We will get some error informations.The current method is plot some discrete points to know it:

Graphics[Point[
  Level[Table[{x1 + 2 x2, 3 x3 - x1}, {x1, -10, 10, .5}, {x2, -10, 
     10, .5}, {x3, -10, 10, .5}], {3}]]]

Are there better solution can visualize it not just by some discrete points?

You could map a variable square in R^3 to its image, and show both side by side, while manipulating the square.
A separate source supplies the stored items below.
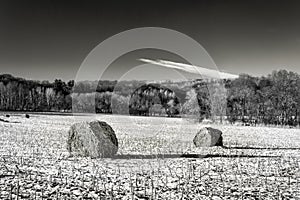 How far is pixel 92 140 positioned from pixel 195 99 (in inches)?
2310

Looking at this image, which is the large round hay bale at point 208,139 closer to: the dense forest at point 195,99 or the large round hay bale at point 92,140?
the large round hay bale at point 92,140

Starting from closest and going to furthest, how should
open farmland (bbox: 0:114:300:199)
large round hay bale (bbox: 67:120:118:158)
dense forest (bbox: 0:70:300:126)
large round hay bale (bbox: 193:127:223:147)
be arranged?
open farmland (bbox: 0:114:300:199) < large round hay bale (bbox: 67:120:118:158) < large round hay bale (bbox: 193:127:223:147) < dense forest (bbox: 0:70:300:126)

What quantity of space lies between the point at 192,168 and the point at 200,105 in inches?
2373

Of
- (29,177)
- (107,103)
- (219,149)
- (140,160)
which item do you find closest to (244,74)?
(107,103)

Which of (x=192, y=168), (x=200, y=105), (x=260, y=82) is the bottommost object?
(x=192, y=168)

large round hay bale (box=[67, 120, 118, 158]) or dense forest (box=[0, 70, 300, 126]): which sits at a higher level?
dense forest (box=[0, 70, 300, 126])

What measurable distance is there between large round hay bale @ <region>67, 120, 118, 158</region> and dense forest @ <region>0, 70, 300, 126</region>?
52.8 metres

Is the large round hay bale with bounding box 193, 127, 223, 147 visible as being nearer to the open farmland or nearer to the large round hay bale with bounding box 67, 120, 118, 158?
the open farmland

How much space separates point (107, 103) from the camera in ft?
423

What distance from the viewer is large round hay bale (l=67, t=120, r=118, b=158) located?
53.9ft

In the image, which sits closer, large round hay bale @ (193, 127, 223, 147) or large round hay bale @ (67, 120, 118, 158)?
large round hay bale @ (67, 120, 118, 158)

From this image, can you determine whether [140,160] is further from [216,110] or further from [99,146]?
[216,110]

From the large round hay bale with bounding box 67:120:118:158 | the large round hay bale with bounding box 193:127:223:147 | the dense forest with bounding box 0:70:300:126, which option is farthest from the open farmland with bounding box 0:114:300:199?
the dense forest with bounding box 0:70:300:126

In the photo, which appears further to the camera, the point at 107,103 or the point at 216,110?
the point at 107,103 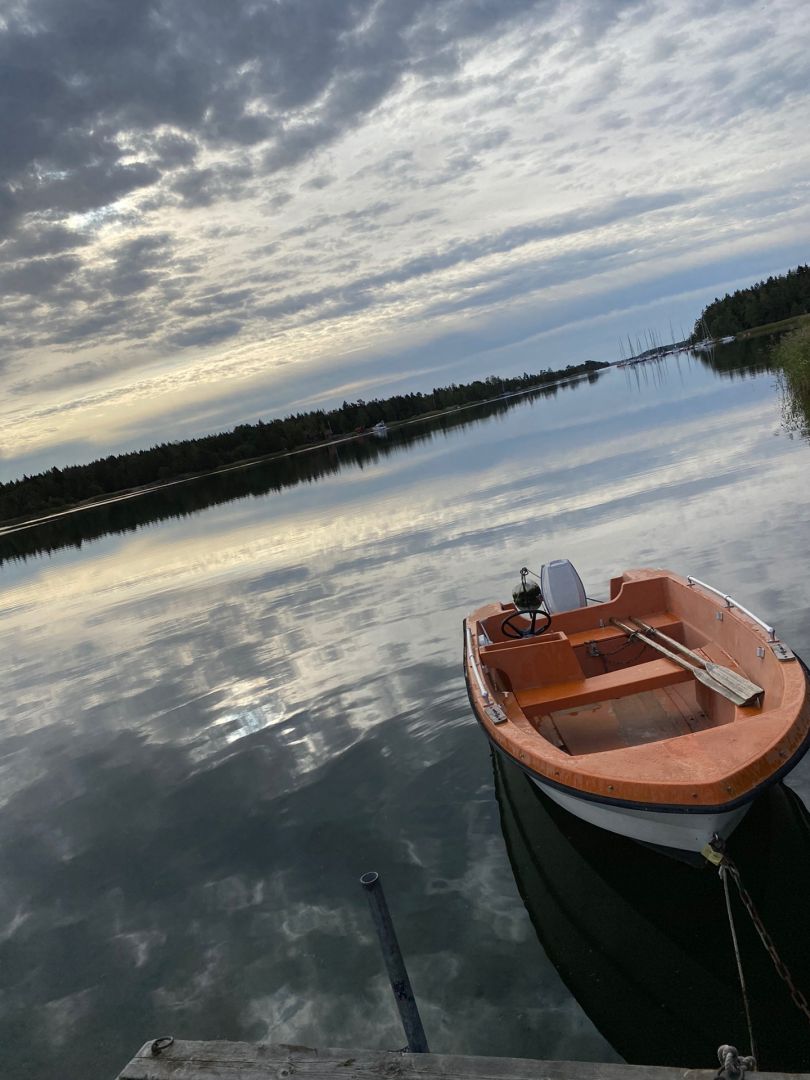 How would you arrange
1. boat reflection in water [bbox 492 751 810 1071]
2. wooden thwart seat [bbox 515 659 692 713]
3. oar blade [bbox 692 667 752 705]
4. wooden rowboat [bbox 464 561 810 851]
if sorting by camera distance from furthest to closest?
wooden thwart seat [bbox 515 659 692 713]
oar blade [bbox 692 667 752 705]
wooden rowboat [bbox 464 561 810 851]
boat reflection in water [bbox 492 751 810 1071]

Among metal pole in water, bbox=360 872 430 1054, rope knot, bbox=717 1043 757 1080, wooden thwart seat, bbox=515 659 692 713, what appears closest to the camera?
rope knot, bbox=717 1043 757 1080

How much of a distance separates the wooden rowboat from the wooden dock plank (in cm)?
235

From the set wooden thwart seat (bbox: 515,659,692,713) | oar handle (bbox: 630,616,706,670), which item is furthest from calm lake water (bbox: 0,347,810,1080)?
oar handle (bbox: 630,616,706,670)

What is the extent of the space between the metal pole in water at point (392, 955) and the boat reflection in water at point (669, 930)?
5.29ft

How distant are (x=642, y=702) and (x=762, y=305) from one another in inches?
6890

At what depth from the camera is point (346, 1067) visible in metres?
4.41

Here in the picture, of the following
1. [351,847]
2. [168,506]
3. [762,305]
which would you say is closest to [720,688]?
[351,847]

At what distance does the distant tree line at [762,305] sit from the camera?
154 meters

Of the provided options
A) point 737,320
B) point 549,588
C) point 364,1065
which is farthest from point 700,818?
point 737,320

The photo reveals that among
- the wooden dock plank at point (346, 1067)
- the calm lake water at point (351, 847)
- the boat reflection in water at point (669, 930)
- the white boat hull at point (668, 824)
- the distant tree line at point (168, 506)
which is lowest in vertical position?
the boat reflection in water at point (669, 930)

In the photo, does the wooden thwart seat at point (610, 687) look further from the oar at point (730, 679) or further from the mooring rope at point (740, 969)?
the mooring rope at point (740, 969)

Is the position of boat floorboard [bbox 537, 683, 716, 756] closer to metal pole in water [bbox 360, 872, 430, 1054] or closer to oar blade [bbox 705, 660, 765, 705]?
oar blade [bbox 705, 660, 765, 705]

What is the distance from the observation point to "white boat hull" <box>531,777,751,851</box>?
6.08 metres

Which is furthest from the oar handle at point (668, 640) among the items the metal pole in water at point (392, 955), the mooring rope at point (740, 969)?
the metal pole in water at point (392, 955) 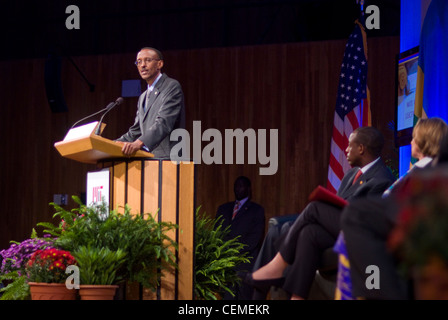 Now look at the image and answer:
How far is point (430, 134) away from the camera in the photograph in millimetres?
2961

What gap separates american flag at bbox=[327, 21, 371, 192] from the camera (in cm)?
642

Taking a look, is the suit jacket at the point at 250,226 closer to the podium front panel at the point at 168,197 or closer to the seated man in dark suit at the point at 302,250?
the podium front panel at the point at 168,197

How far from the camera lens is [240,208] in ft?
21.7

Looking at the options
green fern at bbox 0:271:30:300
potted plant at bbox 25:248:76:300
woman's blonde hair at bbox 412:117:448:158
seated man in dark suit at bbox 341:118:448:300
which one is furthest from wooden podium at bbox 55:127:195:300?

It's a linear map, so nothing very complicated is going on. (Here's the same idea applied to the reverse direction, R^2 -> R3: http://demonstrations.wolfram.com/SurfaceParametrizationsAndTheirJacobians/) — Michael E2, Jul 03 '16 at 21:42
Sorry, I don't know how to respond. "variable square" = "a square you can move about R^3". Otherwise, I'm stumped. — Michael E2, Jul 03 '16 at 21:51

Anton Antonov · Answer 1 · 2016-07-03T23:59:28.040

I am not sure is this an answer you are looking for, but the following graph does visualize the mapping.

cubePoints3D = 
  Flatten[Table[{x1 , x2,  x3 }, {x1, -10, 10, 5}, {x2, -10, 
          10, 5}, {x3, -10, 10, 5}], 2];
cubePoints2D = 
  Function[{x1, x2, x3}, {x1 + 2 x2, 3 x3 - x1}] @@@ cubePoints3D;
offset = {0, 0, 50};
cubePoints2Dto3D = Map[Append[#, 0] + offset &, cubePoints2D];

Graphics3D[{GrayLevel[0.4],
  Line[cubePoints2Dto3D],
  PointSize[0.02],
  MapIndexed[{Blend[{Blue, Red, Yellow}, #2[[1]]/
       Length[cubePoints2Dto3D]], Point[#1]} &, cubePoints3D],
  Gray, FaceForm[None], Red, PointSize[0.02], 
  MapIndexed[{Blend[{Blue, Red, Yellow}, #2[[1]]/
       Length[cubePoints2Dto3D]], Point[#1]} &, cubePoints2Dto3D],
  Black, MapIndexed[Text[#2[[1]], #1, 2 {1, 1}] &, cubePoints2Dto3D],
  GrayLevel[0.9], 
  MapThread[Arrow[{#1, #2}] &, {cubePoints3D, cubePoints2Dto3D}],
  Black, MapIndexed[
   Text[Style[#2[[1]], Background -> White], #1, 0 {1, 1}] &, 
   cubePoints3D]}, Boxed -> False, ImageSize -> 1000]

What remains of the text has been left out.